_The problem_. For the records that follow, please set down exactly the lines between the one holding "Cuisine ou kitchenette" and the one holding "صورة 4 5008", inclusive, and only those.

_Supplied data_.
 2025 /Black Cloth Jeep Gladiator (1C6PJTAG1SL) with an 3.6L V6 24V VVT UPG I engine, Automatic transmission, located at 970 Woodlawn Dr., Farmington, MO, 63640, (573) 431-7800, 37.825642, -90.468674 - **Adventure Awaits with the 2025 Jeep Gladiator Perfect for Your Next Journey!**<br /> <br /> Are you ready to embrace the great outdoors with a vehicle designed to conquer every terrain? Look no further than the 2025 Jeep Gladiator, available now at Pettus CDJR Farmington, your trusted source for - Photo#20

* * *

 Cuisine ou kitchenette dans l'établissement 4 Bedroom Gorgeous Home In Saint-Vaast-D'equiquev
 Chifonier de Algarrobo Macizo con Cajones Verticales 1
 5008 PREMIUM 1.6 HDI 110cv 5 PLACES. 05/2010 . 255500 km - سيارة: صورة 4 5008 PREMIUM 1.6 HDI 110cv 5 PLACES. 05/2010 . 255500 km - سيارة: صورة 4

_Completed exercise_.
 Cuisine ou kitchenette dans l'établissement 4 Bedroom Gorgeous Home In Saint-Vaast-D'equiquev
 Chifonier de Algarrobo Macizo con Cajones Verticales 1
 5008 PREMIUM 1.6 HDI 110cv 5 PLACES. 05/2010 . 255500 km - سيارة: صورة 4 5008 PREMIUM 1.6 HDI 110cv 5 PLACES. 05/2010 . 255500 km - سيارة: صورة 4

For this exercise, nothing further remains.